WHAT YOU WILL DO: Pictures excluded, reproduce exactly the lines below from the one with "TV and multimedia, Kitchen" through the one with "EATON PW9130L1500T-XL/ NSNP", both included.
**** AVAILABLE DATA ****
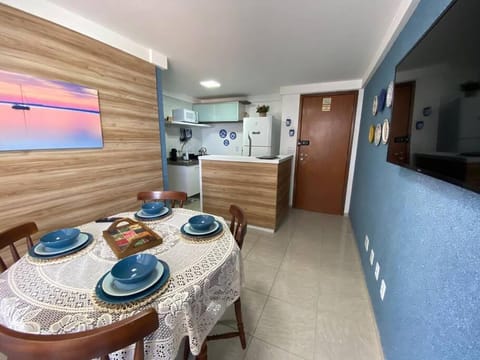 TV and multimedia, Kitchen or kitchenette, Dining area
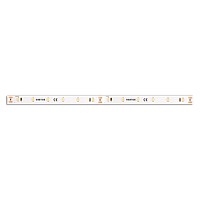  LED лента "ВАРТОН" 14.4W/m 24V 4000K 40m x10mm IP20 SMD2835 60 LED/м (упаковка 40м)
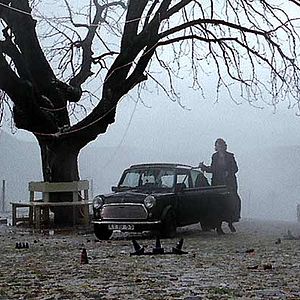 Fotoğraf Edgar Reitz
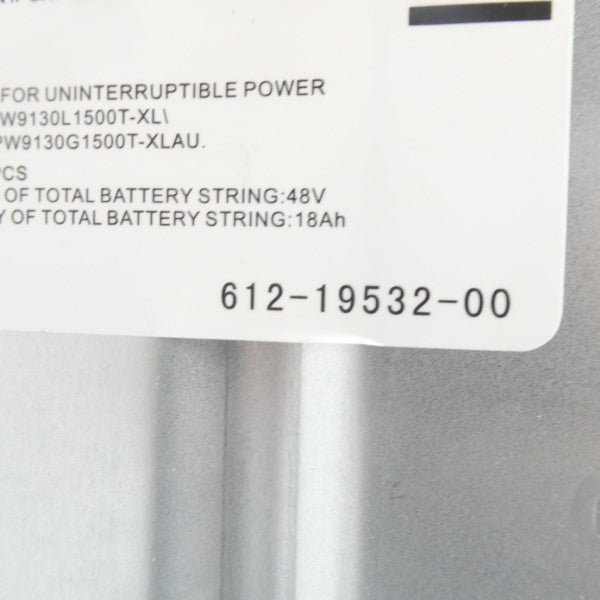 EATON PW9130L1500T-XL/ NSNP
****
**** AVAILABLE DATA ****
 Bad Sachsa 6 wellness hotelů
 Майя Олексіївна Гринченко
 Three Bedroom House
****
**** AVAILABLE DATA ****
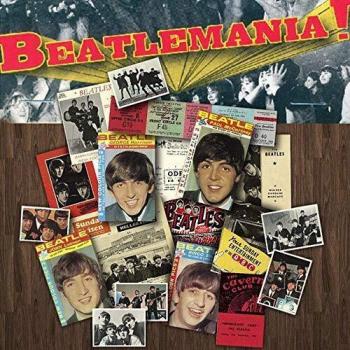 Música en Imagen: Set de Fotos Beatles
****
REPLY:
 TV and multimedia, Kitchen or kitchenette, Dining area
  LED лента "ВАРТОН" 14.4W/m 24V 4000K 40m x10mm IP20 SMD2835 60 LED/м (упаковка 40м)
 Fotoğraf Edgar Reitz
 EATON PW9130L1500T-XL/ NSNP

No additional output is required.